Nos dias que correm, a língua portuguesa é idioma comum de mais de duzentos e cinquenta milhões de pessoas, seja como língua materna ou como língua de contacto diário, oficial, através dos estabelecimentos de ensino, dos meios de informação ou dos organismos estatais dos oito países que a adoptaram nas suas legislações e no quotidiano administrativo. Dividida em duas ortografias oficiais, a portuguesa, seguida também pelos PALOP e por Timor-Leste, e a brasileira, queda enfraquecida nos esforços para a sua afirmação como língua útil a ser ensinada e aprendida por estrangeiros não lusófonos e até no êxito das políticas portuguesa e brasileira procurando a sua oficialização junto de organizações internacionais, como a ONU, que a têm preterido por não saber por qual variante decidir-se.
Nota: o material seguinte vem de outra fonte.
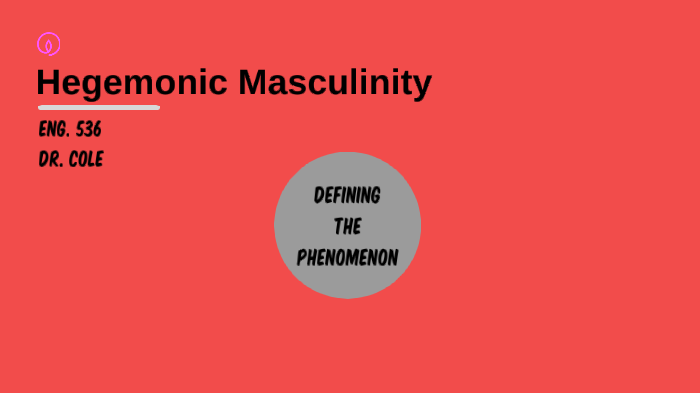 hegemonic masculinity definition essay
A situação da língua portuguesa, mantendo-se o impasse, é precária, num mundo globalizado em que há outros idiomas, tanto ou ainda mais pujantes, que vão-se afirmando. A língua inglesa não está uniformizada, é certo. Contudo, compará-la no prestígio ou na importância ao português é insensato. O castelhano, conhecido internacionalmente por espanhol, está uniformizado na sua ortografia. O francês goza de igual força, não obstante algumas diferenças que separam a variante europeia da canadiana. Como referi acima, a uniformização é possível, com uma percentagem de harmonia ortográfica rondando os cem por cento.
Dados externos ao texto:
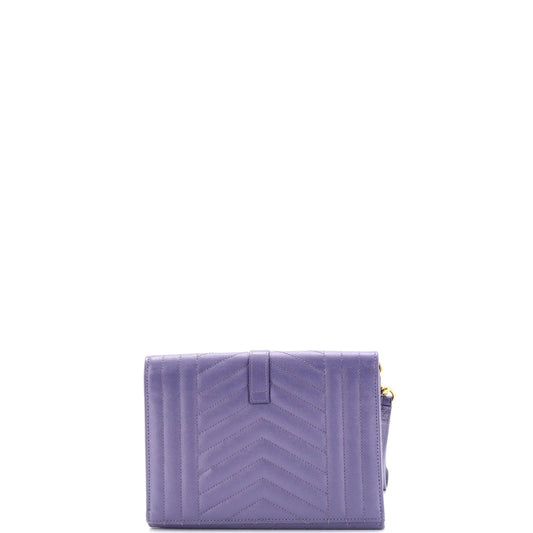 Classic Monogram Envelope Wristlet Clutch Mixed Matelasse Leather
Não seria de esperar que Portugal, com tiques revivalistas de gloriosa potência colonial, aceitasse ceder uma só letra procurando estabelecer e definir regras comuns para o idioma que propagou pelos continentes. O Acordo foi rejeitado embrionariamente. Inverdades surgiram e foram disseminadas sem conhecimento de causa. Recordo-me, por ora, do célebre facto, que muitos julgaram, e julgam, passar a fato, sem que se dêem ao trabalho de ler o Acordo e procurem inteirar-se do que é a dupla grafia (há palavras que, dada a pronunciação diferente, não podem ser uniformizadas). Juristas escreveram artigos na ânsia de adiar o inevitável, procurando protelar o fim do período de transição...
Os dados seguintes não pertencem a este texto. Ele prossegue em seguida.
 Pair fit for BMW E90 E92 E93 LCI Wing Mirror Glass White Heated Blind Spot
O Acordo Ortográfico não está imune a críticas. Pelo contrário, bombardeado que é! Carece de ser reformado, de uma revisão. Há incoerências, há pontos a debater e a modificar, mas não prescindo da sua aplicação. É imprescindível, para a unidade da nossa língua, que procuremos chegar a consensos com todos os países-irmãos, sem arrogância, sem pedantismo. O maior património de que dispomos é este idioma, a ponte que nos leva das Américas ao Oriente. Não jaz na Europa a possível salvação de Portugal, e sim no estímulo dos laços histórico-culturais com os territórios que outrora dominámos. E a língua é essa travessia. Caso contrário, arriscamo-nos a pagar um preço demasiado elevado.
Queremos uma língua portuguesa. Uma. Dispenso uma miríade delas, com outras designações e completamente desvirtuadas ortograficamente. Vale o esforço, assim creio.